Too Little, Too Late? Carbon Emissions and the Point of No Return
Too Little, Too Late? Carbon Emissions and the Point of No Return
How long before it is too late to reduce fossil fuel emissions and meet the 2 degree target of the Paris Climate Agreement? A new study provides clues to how policymakers might plan to address climate change and carbon emissions, and how long they have to do so. By arming leaders with an understanding of how policy, risk, and temperature targets are related, the study puts a timeline to humanity’s Point of No Return.

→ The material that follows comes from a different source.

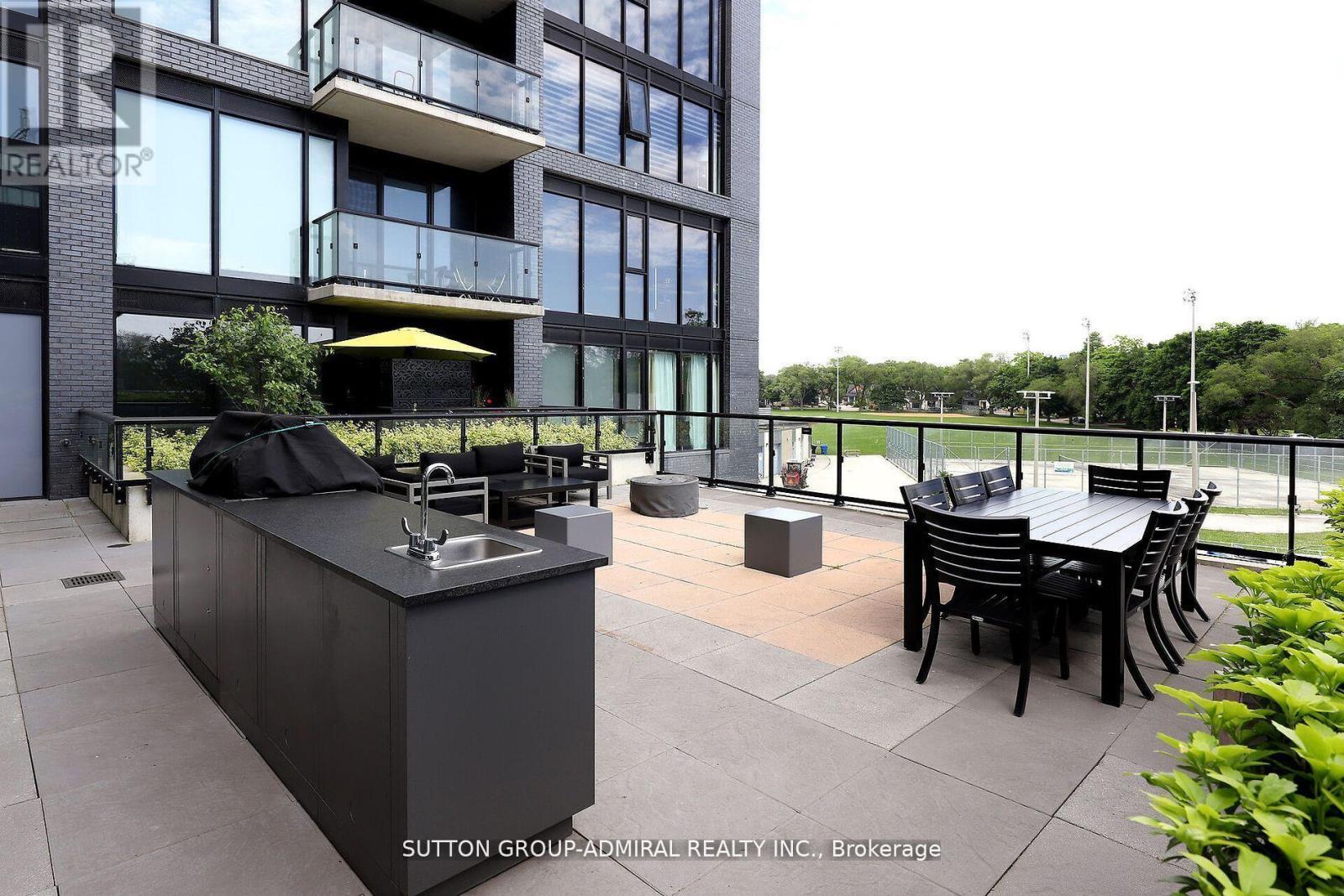 404 - 7 Smith Crescent, Toronto (stonegate-queensway), Ontario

Aengenheyster, Matthias, Qing Yi Feng, Frederick Van Der Ploeg, and Henk A. Dijkstra. “The Point of No Return for Climate Action: Effects of Climate Uncertainty and Risk Tolerance.” Earth System Dynamics 9, no. 3 (August, 2018): 1085-095. doi:10.5194/esd-9-1085-2018.

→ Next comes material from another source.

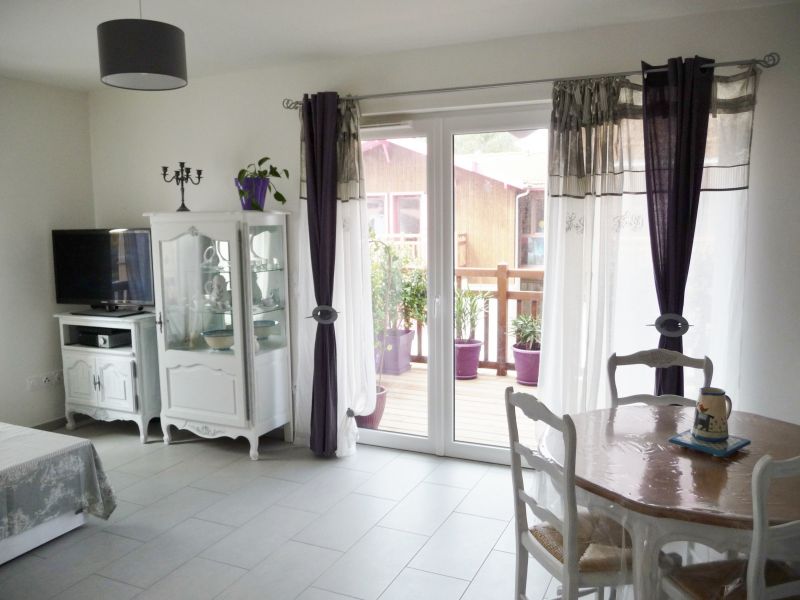 photo 1 Owner direct vacation rental Arcachon appartement Aquitaine Gironde Living room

The Paris Climate Agreement of 2016 set humanity a bold challenge: limit global warming to well below 2 degrees Celsius relative to temperatures before the Industrial Revolution. Acknowledging that even a 2 degree limit could have severe impacts on the world, the Agreement made a further challenge: make efforts to limit the temperature rise to 1.5 degrees Celsius.
In the wake of this historic event, scientific studies asked how much carbon the world could emit before the damage was irreversible. While a variety of estimates were generated, many studies left out key aspects of energy and emissions policy. How might different policies affect carbon estimates? How much were policymakers willing to risk overshooting the temperature target? What impact would this risk have on humanity’s carbon budget?
A recent study asks a related but hitherto unaddressed question: how long do policymakers have to dramatically reduce fossil fuel consumption to meet the Paris Agreement’s 2 degree target? Using the turn of the century as a benchmark, the study analyzes when action would be necessary to ensure that in 2100 the world would meet the Paris Agreement’s target. Scientists from the Universities of Oxford, UK, and Utrecht, The Netherlands outline what they call the Point of No Return, the year after which even aggressive policy measures would be unlikely to meet the Paris Agreement’s goal by the end of the century. Unlike previous studies, this research adds risk to the picture: how would the risk tolerance of policymakers affect the Point of No Return?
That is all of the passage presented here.